2 - Scan them fast with your eyes, instantly getting an idea of the themes and styles of each picture in a fraction of second. Open a few to get a better view.
3 - After about five minutes of work, enjoy your good picture.
4 - Rinse and repeat, each loop reinforcing your feeling that pictures are awesome and making you more hooked.

How to find 1 "good" story in 1000 "meh" others:
1 - Open pages of, at best, keywords.
2 - Spend a long while reading them to get a very vague idea of what you might get. Open a lot of them to read more (it's where you miss the good one that wasn't tagged in details).
3 - After about five hours reading things you don't like, begrudgingly abandon without having found the good story.
4 - Rinse and repeat, each loop reinforcing your feeling that reading stories online is a huge and tedious waste of time and making you more "lazy".

Our main issue is not that our art is too good for the brainless masses while filthy unwashed illustrators get it fast and easy, it's that we lack tools to present our work so a reader can make informed choices about which texts he'll spend his time on.

It's unfortunately hard to solve. If you happen to write on a popular topic (ex: fanfiction of a popular show), you're lucky and might find a specialized site for you: the specialization means the good to meh ratio gets excellent for the readers and the total story count decreases, making the niche lovers' experience a lot better. The physical books world gets around the issue with filtering who gets published and with a well organized mesh of critics/advisors, but online we have the chance avoid the former and the misfortune to miss the later.


----------



## SkyeLansing (Sep 11, 2014)

NilFur makes a good point, but also touches on one of the bigger problems modern authors are having to deal with. It isn't specific to the fandom.

If you follow any author circles these days one of the major topics touched upon is building a fan base. These days authors are increasingly holding down 2 jobs with their writing: the actual writing itself and promoting their own work. It is to the point that many major publishers want to see their authors have things like regularly updated blogs and a certain number of twitter followers before they'll release a book. Realistically building and maintaining a fan base becomes the primary focus of the author beyond their writing.

It is also quite time consuming because in order to really work this also means you need to interact with the fanbase, which means responding to some of the comments and tweets you get. This is also why the growing indy author scene often does stuff like releasing a free novella (or making their first book free). Any lost income from letting that work go out for free is generally more than made up by any new fans it generates.

That said, this is a very poor platform for an author to build a fan base. If you find people who like your writing they'll stick around... but only if you regularly release content that they decide is worth their time to watch. The added problem is that FA is very clearly built with pictures in mind. Which means the majority users visiting the site do so with the intention of looking at pictures. A user that is here to see images isn't likely to look for writing.

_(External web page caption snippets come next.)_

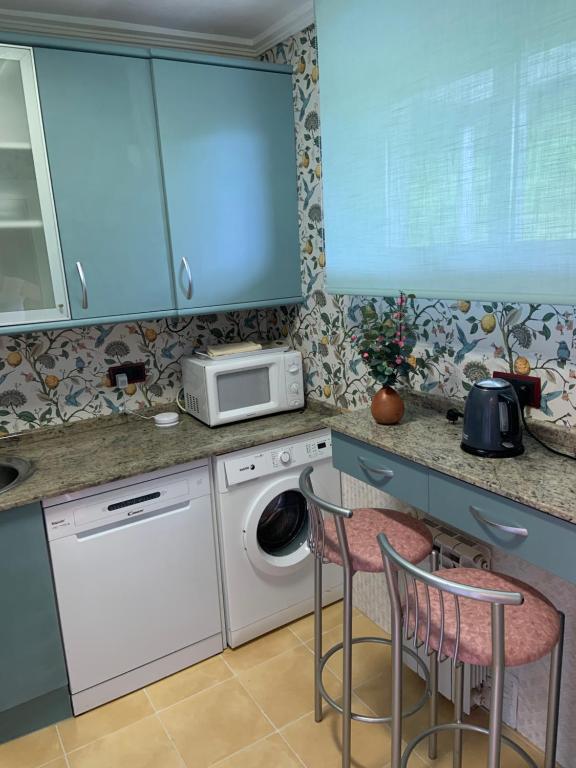 Kuchyň nebo kuchyňský kout v ubytování El BALCON DE BAKIO
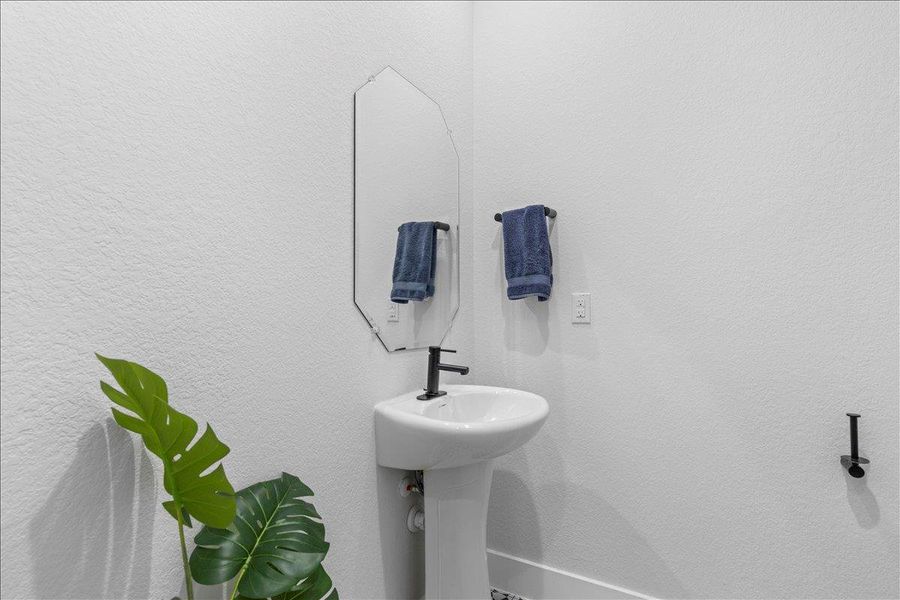 Half bath featuring a textured wall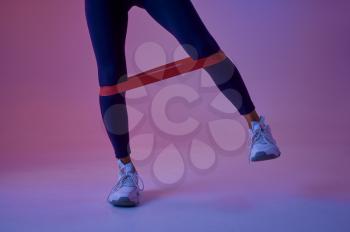 Sexy female athlete doing exercise with rubber in studio, neon background. Fitness sportswoman at the photo shoot, sport concept, active lifestyle motivation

There are some things you can do to help boost exposure though.
-Write a story to go along with an artist's picture. Be sure to get permission first, but if you get it many artists will link to your story in the image. This is a great way to get some readers who usually only come to look at artwork.
-Update regularly, as already said. Try to keep most of it writing or writing involved. A very short 500 word story or a journal entry giving updates on your latest project or discussing some topic you think others will find interesting.
-Collaboration! Similar to my first point, but if you have other writer friends try and collaborate on a project in such a way that you can share viewers. Or maybe you know an artist who wants to do a comic but feels like they aren't good at building a story.
-General interaction. The forums are one area, but commenting on other's work also helps. In all honesty it isn't going to give you immediate exposure, but it may make you some friends which can become exposure if they get interested in what you are up to and like it.

All that said, it isn't at all easy.


----------



## BadRoy (Dec 7, 2014)

SkyeLansing nailed it. A lot of the writing, at least on FA, is barely read-able. Very bad. like what even is grammar.  

Also! With art if you see a bad piece you just blow by it and see a great one further down the page. But with a story you have to download the story (because most don't know how to format the text so it will show on FA), and then read it to determine if it is any good. There's more of a time investment.


----------



## Fallowfox (Dec 7, 2014)

Is it not 'we' writers?


----------